─── Data below ───
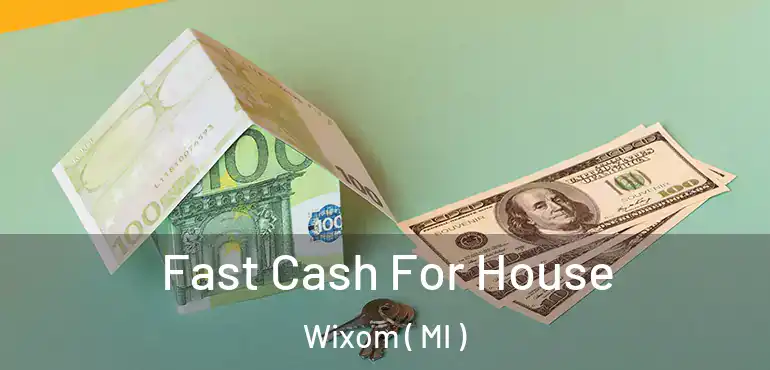  Fast Cash For House Wixom ( MI )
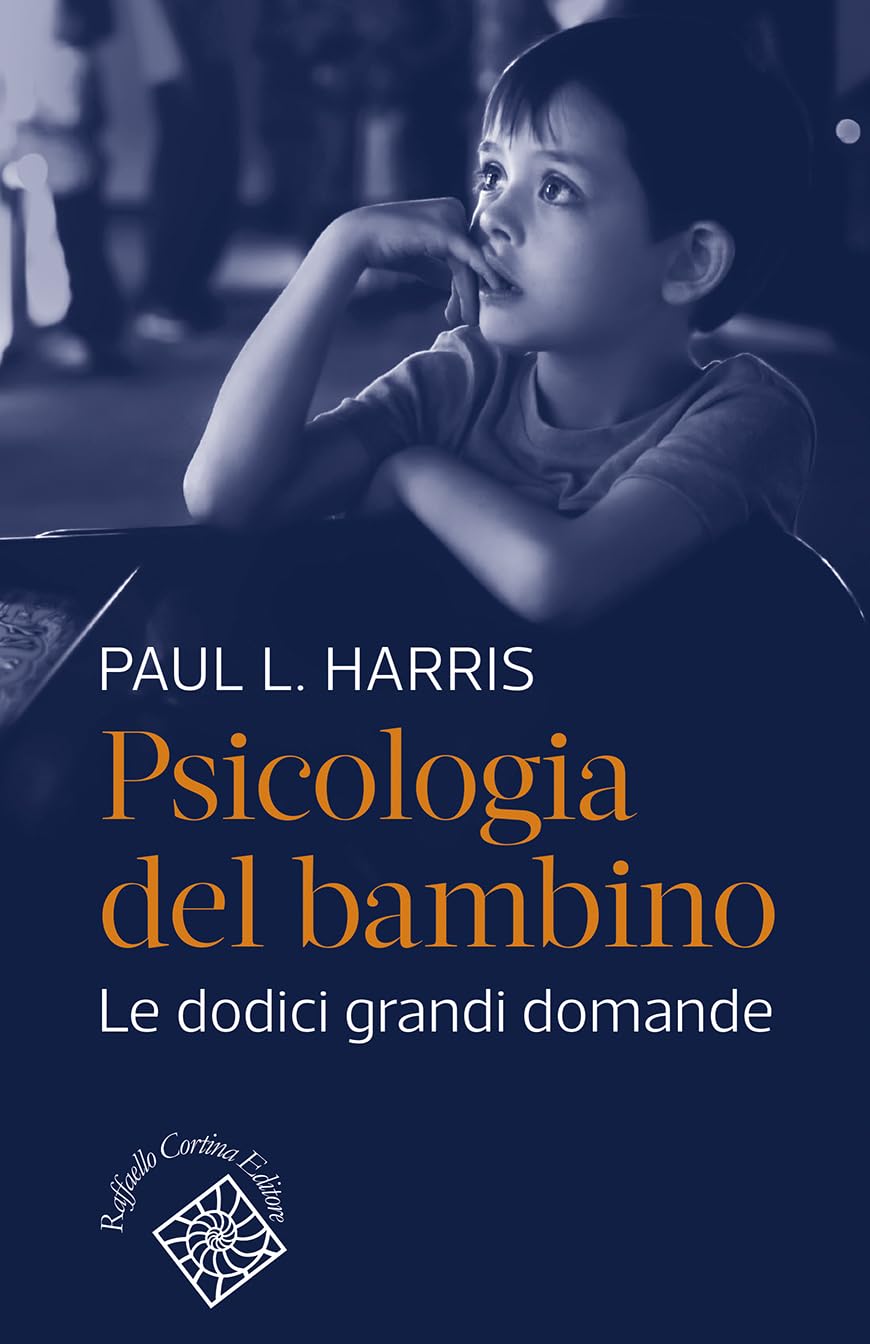Psicologia del bambino. Le dodici grandi domande (Conchiglie) Psychology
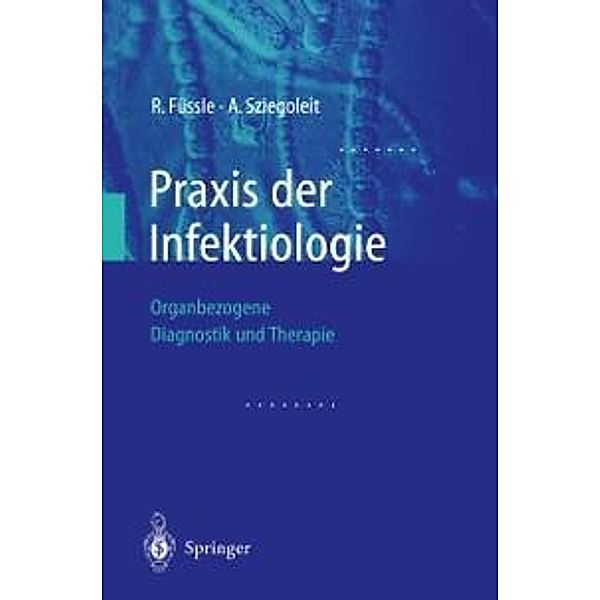 Praxis der Infektiologie, R. Füssle, A. Sziegoleit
───
Exercise objective:
Leaving the pictures aside, repeat the data above exactly.

Result of the task:
  Fast Cash For House Wixom ( MI )
Psicologia del bambino. Le dodici grandi domande (Conchiglie) Psychology
 Praxis der Infektiologie, R. Füssle, A. Sziegoleit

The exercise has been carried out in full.